More than 100 tenants of the Jordan Meadows neighborhood complex, 1722 W. 400 North, were forced from their homes early Thursday because of the fire. Approximately 30 people had to be rescued from their balconies with ladders.
Leonardo Hernandez jumped from his second-story balcony. The 11-year-old said he wasn't scared because he knew he had to escape.
"I had to jump from my balcony just to save my sister," he said.
Two-year-old Vincent, or Little Beans as his family calls him, is one of the children who escaped the fast-moving fire. His mother said everyone got out with only the clothes on their backs.
"All I could think about was getting the kids out.
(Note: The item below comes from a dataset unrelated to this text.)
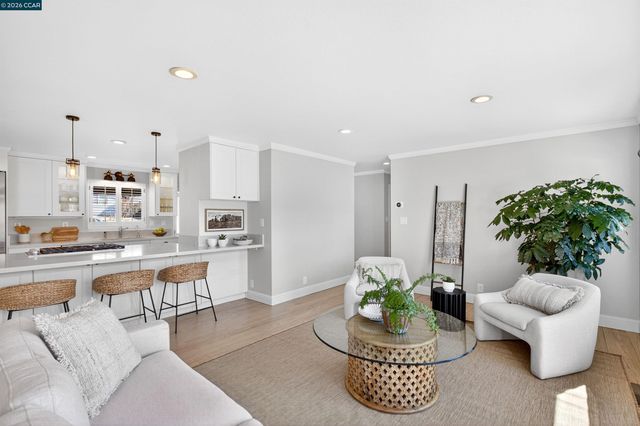 19 Lance Ct, Moraga, CA 94556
That's all I could think about," said Esther Morrison, Vincent's mother.
Amazingly, no one was injured.
"We just pulled together," said resident Vincent Najera. "We helped everyone get off the balconies, caught a couple of babies coming off the balconies. It was chaotic. It was crazy."
The fire created a huge amount of smoke that filled the hallways. Salt Lake fire spokesman Scott Freitag said residents on the second and third floors did the right thing by going onto their balconies to wait to be rescued and not trying to escape through the hallway.
"There was so much smoke in the hallways, had someone actually gone there rather than waiting to be recused, they would have quickly been overcome by smoke or even died," he said.
The fire broke out about 2:40 a.m. It started after a tenant fell asleep on a recliner while smoking, Frietag said. Investigators believed the man either dropped his cigarette on the carpet or knocked over an ash tray where the embers smoldered.
"The fire traveled along the carpet and into the kitchen," Freitag said, adding that the blaze really took off when it reached the kitchen.
Some tenants of the 42-unit building were awakened by smoke detectors. Others were woken by other residents banging on their doors.
Hilary Hakala tried desperately to wake the man inside the burning apartment.
"Everyone starts leaving and panicking and calling 911," she said, "and then his door opens and there is flames shooting out of it."
In addition to the tenants, Freitag said several dogs, cats, birds and turtles were rescued.
It was very fortunate that no one was injured, he said. Crews only needed about 10 minutes to knock the fire down, about the same amount of time it took to complete all the ladder rescues, he said.
"Everything worked the way it was supposed to, and I think that prevented any injures or deaths to tenants or firefighters," he said.
The apartment where the fire started suffered heavy fire damage. Fifteen others suffered smoke or water damage, Freitag said. Total damage estimated was $150,000.
The Greater Salt Lake chapter of the American Road Cross opened a shelter at a nearby LDS meetinghouse, 1148 W. 500 North. The Red Cross provided food and shelter to about 90 adults and 30 children.
Freitag estimated about half of those tenants would be back in their apartments by Thursday night. The other half would probably be out of their homes a few days.